Your task:
Each line of the listing is to be copied exactly.

Provided records:
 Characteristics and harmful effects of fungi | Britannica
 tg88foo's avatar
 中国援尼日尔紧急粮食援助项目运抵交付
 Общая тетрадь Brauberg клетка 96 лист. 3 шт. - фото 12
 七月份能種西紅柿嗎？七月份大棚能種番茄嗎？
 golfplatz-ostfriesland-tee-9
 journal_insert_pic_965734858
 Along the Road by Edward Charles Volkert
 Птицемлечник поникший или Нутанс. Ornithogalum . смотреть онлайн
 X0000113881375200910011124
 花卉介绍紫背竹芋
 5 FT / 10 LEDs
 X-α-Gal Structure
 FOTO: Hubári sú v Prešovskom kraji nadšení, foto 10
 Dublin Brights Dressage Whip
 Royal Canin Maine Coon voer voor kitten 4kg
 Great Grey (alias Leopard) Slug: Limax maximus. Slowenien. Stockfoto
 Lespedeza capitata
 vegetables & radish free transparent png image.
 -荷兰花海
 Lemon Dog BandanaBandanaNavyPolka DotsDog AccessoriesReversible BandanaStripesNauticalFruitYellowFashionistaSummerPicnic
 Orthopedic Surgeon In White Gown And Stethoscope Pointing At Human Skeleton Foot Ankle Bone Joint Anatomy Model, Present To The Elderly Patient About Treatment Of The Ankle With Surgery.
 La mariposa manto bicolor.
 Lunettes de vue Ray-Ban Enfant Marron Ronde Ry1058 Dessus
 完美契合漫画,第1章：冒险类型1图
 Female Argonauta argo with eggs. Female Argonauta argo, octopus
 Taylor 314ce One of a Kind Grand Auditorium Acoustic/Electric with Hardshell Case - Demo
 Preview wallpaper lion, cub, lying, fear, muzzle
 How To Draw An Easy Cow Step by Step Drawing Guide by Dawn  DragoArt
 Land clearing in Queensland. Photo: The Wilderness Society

Solved problem:
 Characteristics and harmful effects of fungi | Britannica
 tg88foo's avatar
 中国援尼日尔紧急粮食援助项目运抵交付
 Общая тетрадь Brauberg клетка 96 лист. 3 шт. - фото 12
 七月份能種西紅柿嗎？七月份大棚能種番茄嗎？
 golfplatz-ostfriesland-tee-9
 journal_insert_pic_965734858
 Along the Road by Edward Charles Volkert
 Птицемлечник поникший или Нутанс. Ornithogalum . смотреть онлайн
 X0000113881375200910011124
 花卉介绍紫背竹芋
 5 FT / 10 LEDs
 X-α-Gal Structure
 FOTO: Hubári sú v Prešovskom kraji nadšení, foto 10
 Dublin Brights Dressage Whip
 Royal Canin Maine Coon voer voor kitten 4kg
 Great Grey (alias Leopard) Slug: Limax maximus. Slowenien. Stockfoto
 Lespedeza capitata
 vegetables & radish free transparent png image.
 -荷兰花海
 Lemon Dog BandanaBandanaNavyPolka DotsDog AccessoriesReversible BandanaStripesNauticalFruitYellowFashionistaSummerPicnic
 Orthopedic Surgeon In White Gown And Stethoscope Pointing At Human Skeleton Foot Ankle Bone Joint Anatomy Model, Present To The Elderly Patient About Treatment Of The Ankle With Surgery.
 La mariposa manto bicolor.
 Lunettes de vue Ray-Ban Enfant Marron Ronde Ry1058 Dessus
 完美契合漫画,第1章：冒险类型1图
 Female Argonauta argo with eggs. Female Argonauta argo, octopus
 Taylor 314ce One of a Kind Grand Auditorium Acoustic/Electric with Hardshell Case - Demo
 Preview wallpaper lion, cub, lying, fear, muzzle
 How To Draw An Easy Cow Step by Step Drawing Guide by Dawn  DragoArt
 Land clearing in Queensland. Photo: The Wilderness Society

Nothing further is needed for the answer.